Daniel Wegner and Kurt Gray’s The Mind Club describes research into how we view the minds of other humans. It turns out that we think of other minds as having two clusters of capabilities. One cluster gives a human the ability to plan and act. Call this agency. The other cluster gives a human the ability to feel, especially to feel pain. Call this feeling.

Some entities seem to have the ability to plan and act, but without feelings. A robot is one example. A telephone voice-response system is another.

Would you accept an apology from a computer? It seems odd to do so, given that a computer has no capacity to feel remorse.

Some entities seem to have feelings without an ability to plan and act. A baby is an example.

The moral dyad is a phenomenon where we attribute agency only to one side and feeling only to another side. This is the villain-victim mindset.
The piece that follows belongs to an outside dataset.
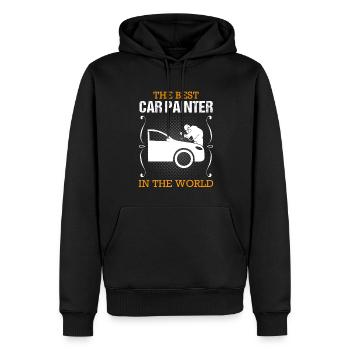 Peintre de véhicule Profession Peintre Cadeau - Sweat à capuche Premium bio Homme - noir - Devant - Nico (187cm)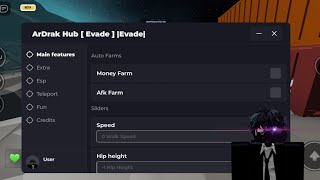 ArDrak Hub | Evade Script [OP]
In graffiti, George Floyd is often depicted as a big baby. But he had agency. He could have not taken drugs. He could have cooperated with police.

Palestinian sympathizers treat Israelis as having no feelings and Palestinians as having no agency. But many Israelis are sad not have achieved peace with dignity for the Palestinians. And Palestinians have made choices that have not served the goal of achieving peace with dignity.

In most interactions, both sides have feelings, and both sides have agency. We seem to prefer not to see conflicts that way. Instead, we gravitate toward the moral dyad.

This essay is part of a series on human interdependence.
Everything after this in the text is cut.